An Objective Definition for Strong vs. Weak Typing
by: TheHans255
May 5, 2024
This post is adapted from a post I originally wrote on the Language Dev Stack Exchange.
A common debate in the world of programming languages is whether a programming language is "strongly" or "weakly" typed - that is, how much a program enforces good rules. Unfortunately, there is not a whole lot of consensus as to what these terms mean - some might describe C, for instance, as being strongly typed because it requires you to declare the types of your variables, while some might describe C as weakly typed because it lets you cast pointers willy nilly or lets you store past the end of a list. One blog entry goes as far as to give a pretty snarky definition of these terms so as to show how useless they are:
- Strong typing: A type system that I like and feel comfortable with
- Weak typing: A type system that worries me, or makes me feel uncomfortable
I don't claim to have the authoritative answer on these terms (much less the programming language debate), but I do remember learning a definition for them in my time at the University of Washington that I find to be reasonable, and while not the end-all answer for this debate, is objective, and something I believe should be an essential ingredient in talking about the desirability of a programming language's type system.
Essentially, a "weakly typed" programming language is one in which there exists one or more ways, within the language's spec, to circumvent its type system and cause undefined behavior. A "strongly typed" programming language is simply defined as having no such holes - the type system, no matter what it is, follows its stated rules.
I should first explain what a "type system" even is. Basically, a type system is a set of rules in a programming language that ensures that your program will behave a certain way, and acts by assigning a "type" to each entity in your program, including code, variables, inputs, and outputs. The "rules" themselves can be anything you want, and type systems have been built to variably enforce a great number of rules over the years:
- When two numbers are added together, those two numbers have the same
binary format (e.g. 32-bit two's complement integers, or 64-bit IEEE 754
floating point numbers), thus ensuring that the result makes sense.
If the two numbers are different, either:
- One number has to be explicitly converted to the other number's format, or
- The number whose format has less range is converted to the number whose format has more range, such that no data is lost.

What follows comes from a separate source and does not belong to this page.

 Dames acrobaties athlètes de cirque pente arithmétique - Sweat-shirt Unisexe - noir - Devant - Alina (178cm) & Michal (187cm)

- Whenever you print some text to the screen (via a
print()
call or something), the thing you are printing is a valid stream of text. If you try to print something that isn't text, the program will first apply a rule to convert it to text. - A program either cannot divide by zero, or will crash and refuse to proceed past an attempt to divide by zero.
- In an object-oriented language, when you call a method (e.g.
dog.bark()
), the method exists on the object. (For instance, in Java, you are guaranteed that when you call a method, the object you're calling it on is eithernull
or has that method exactly as described). - If you do a "look up a thing in a list by index" operation, the thing you're looking up the other thing in is actually a list.

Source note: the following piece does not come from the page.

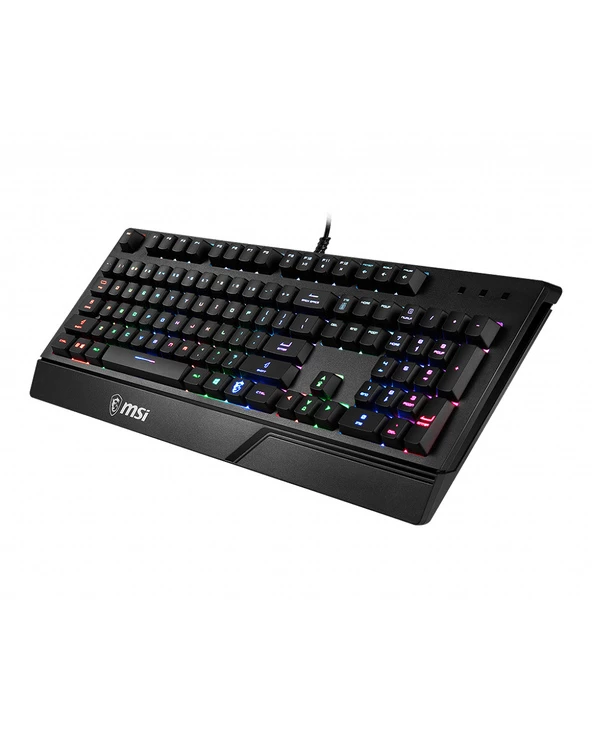Vente flash 🔥 MSI Vigor GK20 Clavier USB AZERTY Français Noir ✔️ – Image 3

- If you look up a thing in a list by index, the index is within the bounds of the list.
- If you have a reference to an value in memory, the value actually exists, in the expected format, at that location in memory (i.e. it has not been replaced with something else).
Not all type systems have all of these rules, even in new, production-level languages. Different languages enforce these rules differently as well. The main point is that the rules exist, and provide some assurance for how each part of your program is going to behave.

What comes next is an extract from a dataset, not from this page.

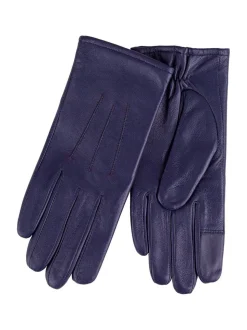 Marineblauw - Shopper 3 Point Smartouch winterleren handschoenen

Within this context, if a type system is "strong", the rules are ironclad - this does mean that there are some valid, interesting programs that cannot be written in the language, but that you can be assured that the rules that the type system is trying to enforce are actually being applied to your program. A type system is "weak", on the other hand, if there exist ways to circumvent the rules. (This definition is closely related to the idea of a type system being "sound" or "unsound", meaning that the rules of the type system make coherent sense in the first place).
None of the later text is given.